Partageons la surprise de La Fontaine : « Passe encore de semer, mais planter à cet âge ! » Qu’une revue québécoise consacrée à la création littéraire franchisse le cap des 60 ans, voilà qui, déjà, sidère ; qu’elle le fasse en tutoyant l’avenir, c’est provoquer l’incrédulité. Tel est pourtant l’exploit que racontent les deux plus récents tomes des Écrits : ils tiennent le coup.
Insistons. Non pas survie, mais vitalité. Non pas discours compassés et flonflons convenus, mais contacts fructueux entre vétérans et recrues et « transmission de la voix et du regard que la littérature consacre depuis toujours à notre monde et à son histoire ». L’expression de « passage du témoin » décrit avec justesse l’objectif que Pierre Ouellet avait en tête en formant 40 paires de créateurs et de créatrices et en leur proposant une course à relais.

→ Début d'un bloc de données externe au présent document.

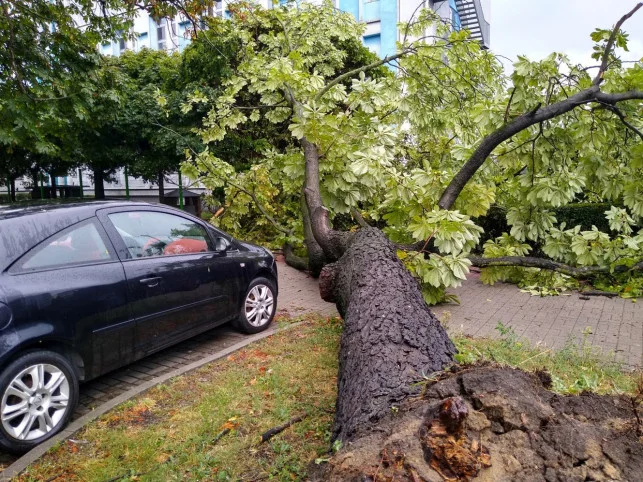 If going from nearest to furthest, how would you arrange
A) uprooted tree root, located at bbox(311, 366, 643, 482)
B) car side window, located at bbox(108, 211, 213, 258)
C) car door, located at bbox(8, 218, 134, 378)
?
uprooted tree root, located at bbox(311, 366, 643, 482) < car door, located at bbox(8, 218, 134, 378) < car side window, located at bbox(108, 211, 213, 258)

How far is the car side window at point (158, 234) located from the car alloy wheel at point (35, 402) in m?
1.23

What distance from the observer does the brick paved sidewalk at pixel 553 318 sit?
558 centimetres

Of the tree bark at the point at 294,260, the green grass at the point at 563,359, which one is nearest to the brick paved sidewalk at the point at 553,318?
the green grass at the point at 563,359

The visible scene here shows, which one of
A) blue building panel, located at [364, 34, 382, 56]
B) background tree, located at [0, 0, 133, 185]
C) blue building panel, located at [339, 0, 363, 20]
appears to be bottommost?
background tree, located at [0, 0, 133, 185]

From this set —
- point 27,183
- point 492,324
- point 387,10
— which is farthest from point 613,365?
point 27,183

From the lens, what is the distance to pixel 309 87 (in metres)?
7.93

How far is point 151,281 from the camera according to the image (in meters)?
4.32

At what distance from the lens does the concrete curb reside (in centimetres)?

L’idée était d’obtenir de chaque membre de ces tandems deux textes : l’un où tous vont où bon leur semble, l’autre où chacun pense à l’autre. Presque partout, la différence d’âge ou d’expérience est manifeste ; presque toujours, un dénominateur commun (poésie, fiction, traduction…) relie les partenaires. Dans trois cas – les Kattan, les Martel et les Ricard –, la relation est plus intime encore : père et fils partagent à haute voix le plaisir de la connivence. Formule ingénieuse dont on pouvait attendre des éclairages multiples, mais aussi la preuve d’une continuité. Bien sûr, les réponses ont varié. Parmi les plus stimulants, choisissons les dialogues entre Kim Doré et Louise Dupré, entre Jocelyne Saucier et André Vanasse, entre Sophie Cadieux et Georges Leroux, entre Jean-Simon DesRochers et Robert Lalonde… Dans le cas de la poésie, à laquelle Pierre Ouellet offrait un accueil chaleureux, le bilan est – selon ma myopie de cartésien – moins net : les textes autonomes s’épanouissent, mais quelque chose semble feutrer les propos adressés au partenaire. Comme si l’intuition de Saint-Exupéry se confirmait : « Aimer, ce n’est pas se regarder dans les yeux, mais regarder ensemble dans la même direction ». Peut-être le dialogue entre poètes se déroule-t-il en profondeur et échappe-t-il aux non-initiés. Peut-être faut-il, hypothèse moins gentille, retenir comme comprenant une part de vérité le verdict sévère de François Blais : « J’affirme ceci : dans la vaste majorité des cas, la poésie contemporaine se résume à l’association de mots n’ayant en temps normal rien à démêler entre eux, cela dans une grotesque frénésie d’originalité à tout prix. Ou encore à l’expression des tressaillements de l’âme dans un langage crypté ». Concluons pacifiquement qu’une littérature est en bonne santé quand les divergences ne stérilisent aucune source… Hugues Corriveau, toujours élégant et d’une constante justesse, ne dira pas autre chose à Patrick Nicol : « Tu es là, dans le secret passage qui va du silence au surgissement de la parole, parce que je t’ai lu, que j’admire sans cesse l’économie de tes phrases, à mille lieues des miennes pourtant ». Quand la création littéraire pratique un tel pluralisme, les tenants de la pataphysique peuvent sortir de l’ombre, même si n’est pas Jarry qui veut, et un nostalgique du classicisme peut s’adonner au sonnet sans pour autant en respecter – ou en connaître – la prosodie.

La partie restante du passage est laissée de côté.